MATERIAL PROVIDED:

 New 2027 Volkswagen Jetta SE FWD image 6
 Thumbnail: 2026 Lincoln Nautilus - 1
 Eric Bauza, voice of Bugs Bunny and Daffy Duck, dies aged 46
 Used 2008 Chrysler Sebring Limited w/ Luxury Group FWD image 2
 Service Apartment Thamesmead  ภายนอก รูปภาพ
--
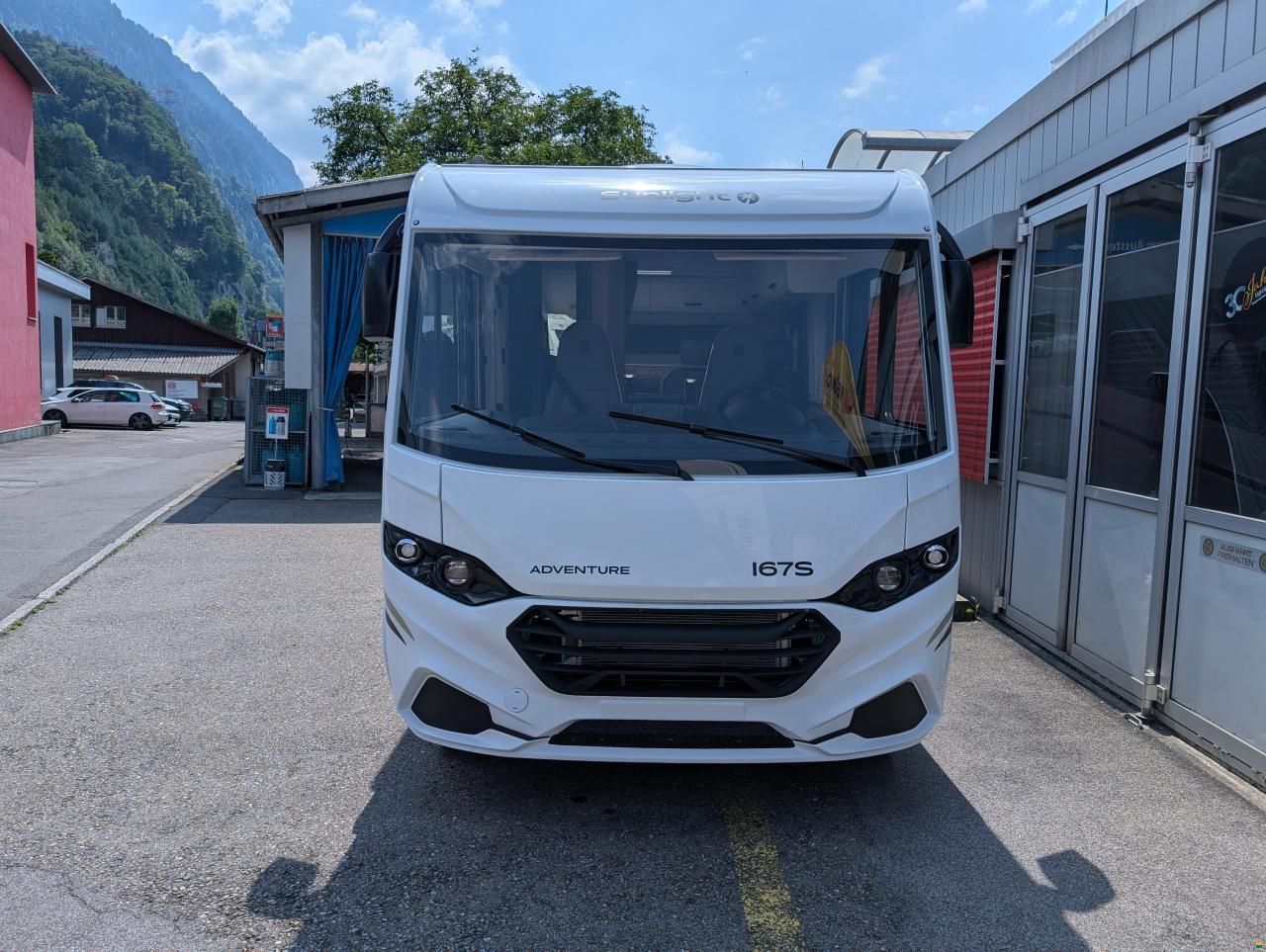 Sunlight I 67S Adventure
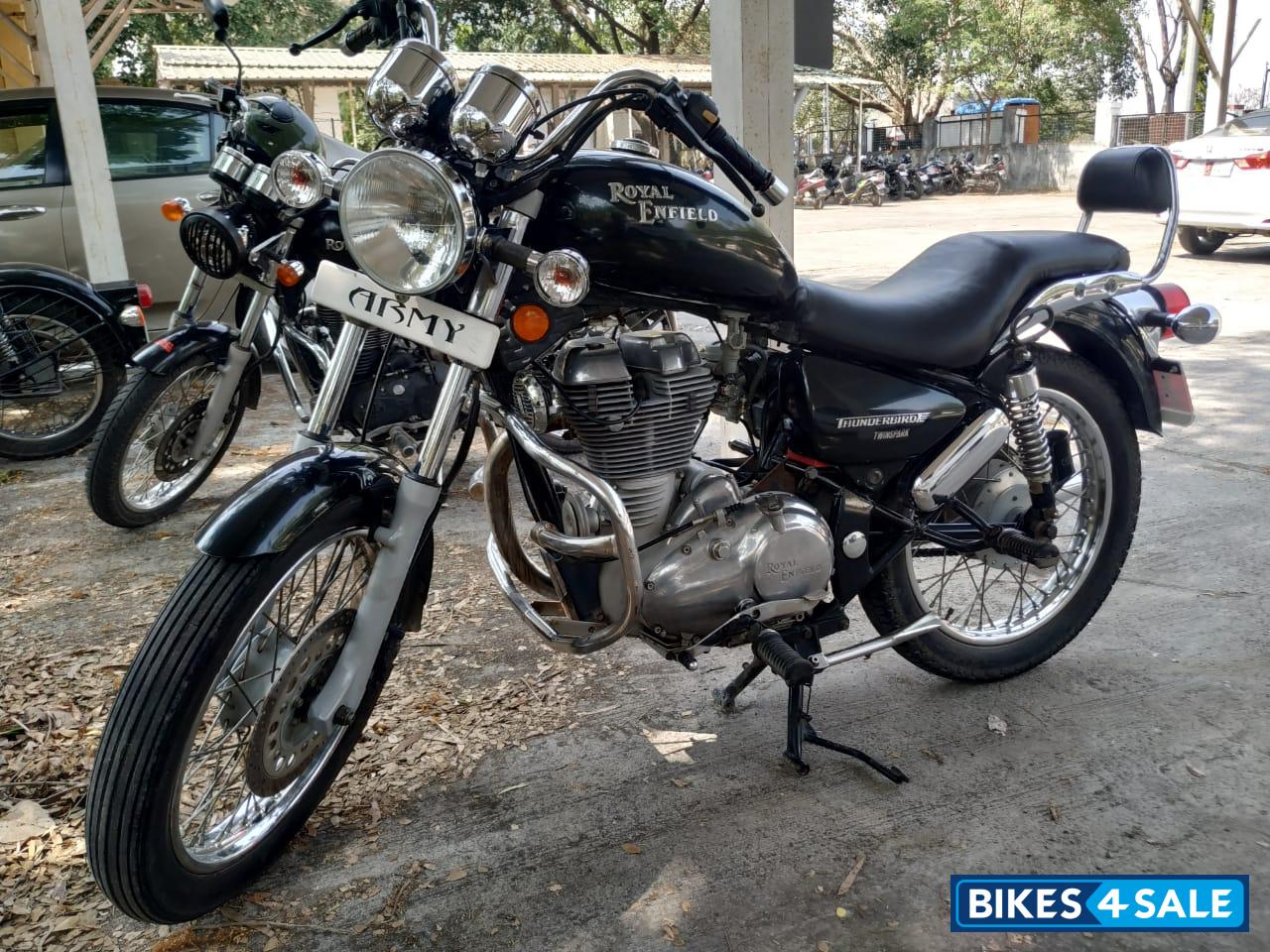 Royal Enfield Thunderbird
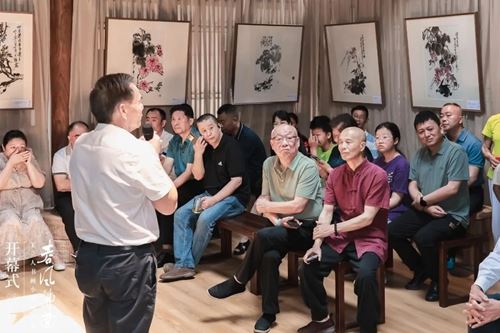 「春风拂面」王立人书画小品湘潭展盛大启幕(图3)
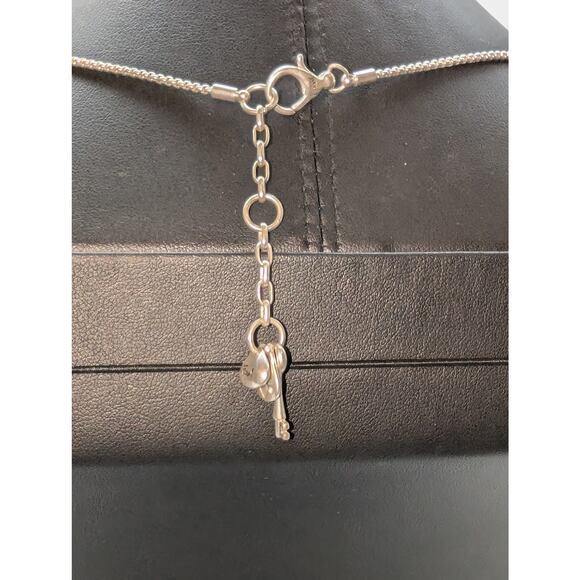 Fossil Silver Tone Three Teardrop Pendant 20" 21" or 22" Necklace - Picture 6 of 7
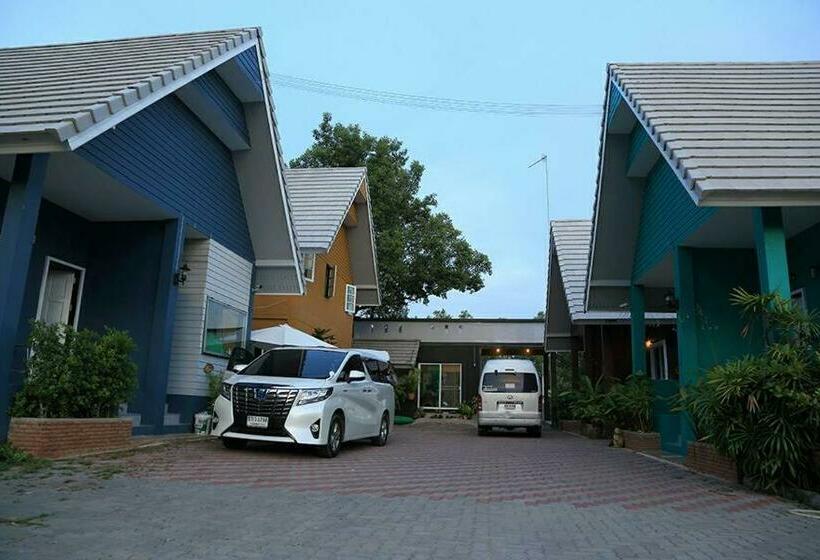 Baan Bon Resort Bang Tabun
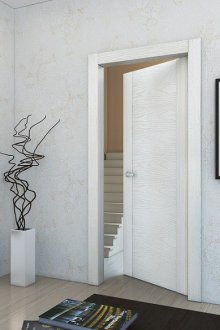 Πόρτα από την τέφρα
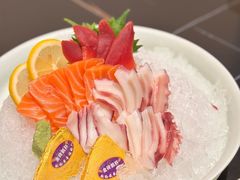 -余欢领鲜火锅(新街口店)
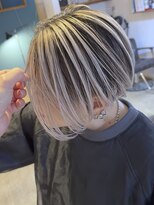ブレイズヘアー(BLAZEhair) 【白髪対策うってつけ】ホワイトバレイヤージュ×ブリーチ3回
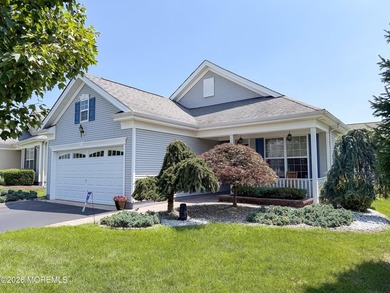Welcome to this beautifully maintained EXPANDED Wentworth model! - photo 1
--
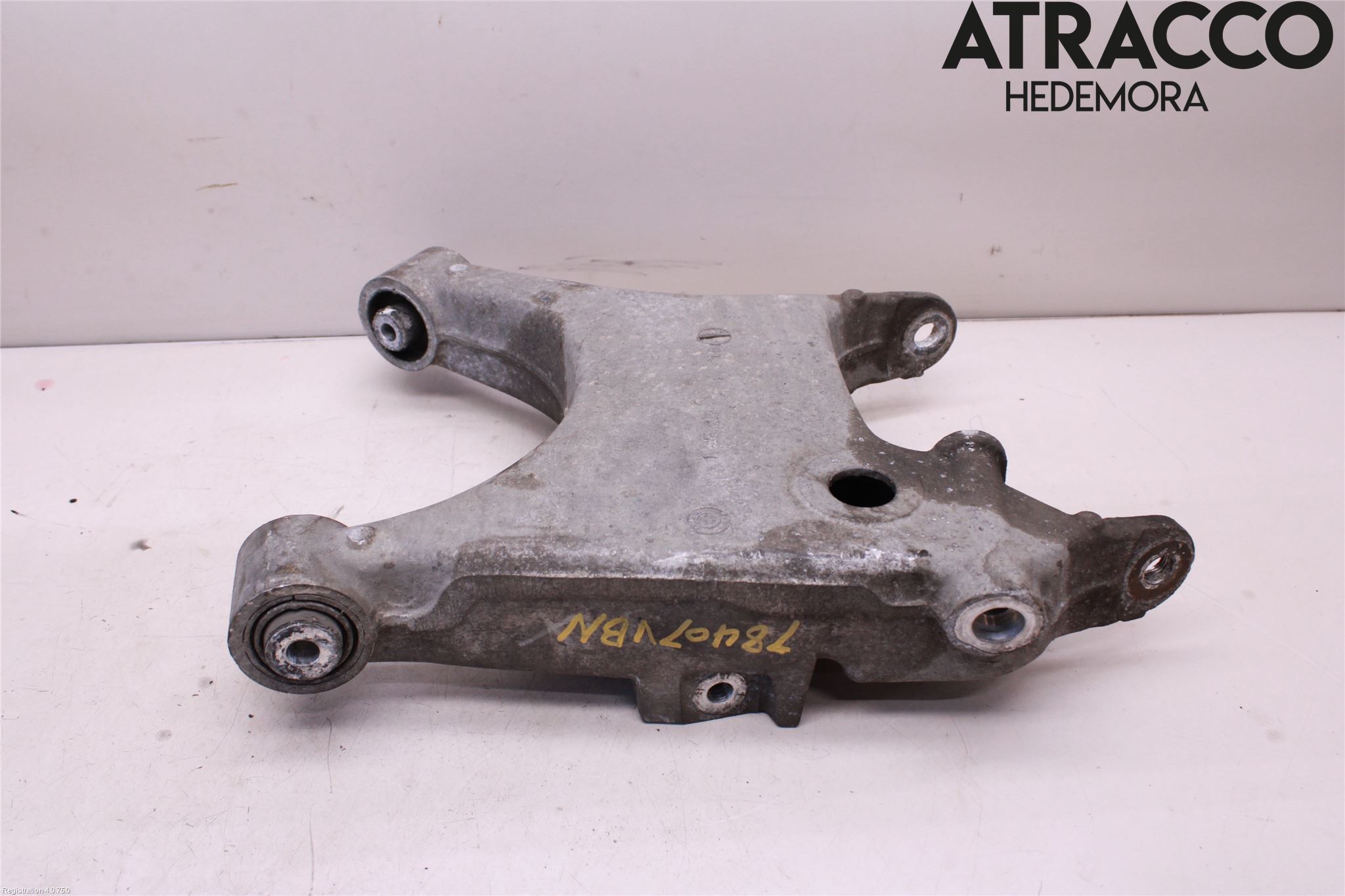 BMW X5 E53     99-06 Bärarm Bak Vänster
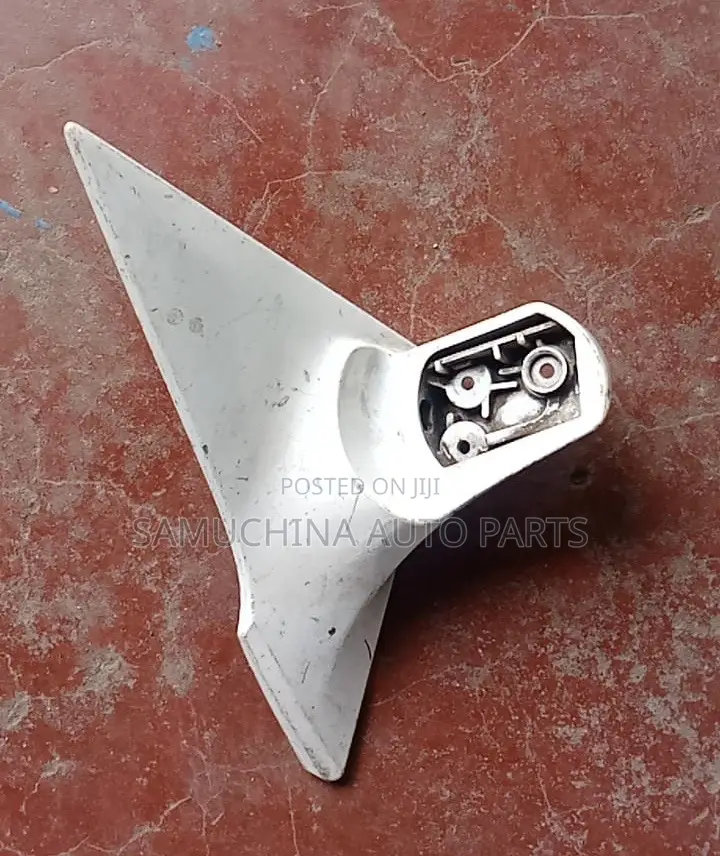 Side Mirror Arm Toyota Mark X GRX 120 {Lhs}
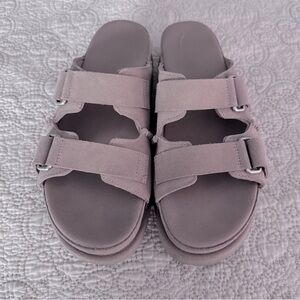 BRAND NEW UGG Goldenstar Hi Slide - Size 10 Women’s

TASK GOAL: Begin at the line that has "New 2027 Volkswagen Jetta SE FWD image 6" in the entries above; stop after the line that has "Service Apartment Thamesmead". Transcribe exactly those lines and no others.

RESPONSE TO THE TASK:
 New 2027 Volkswagen Jetta SE FWD image 6
 Thumbnail: 2026 Lincoln Nautilus - 1
 Eric Bauza, voice of Bugs Bunny and Daffy Duck, dies aged 46
 Used 2008 Chrysler Sebring Limited w/ Luxury Group FWD image 2
 Service Apartment Thamesmead  ภายนอก รูปภาพ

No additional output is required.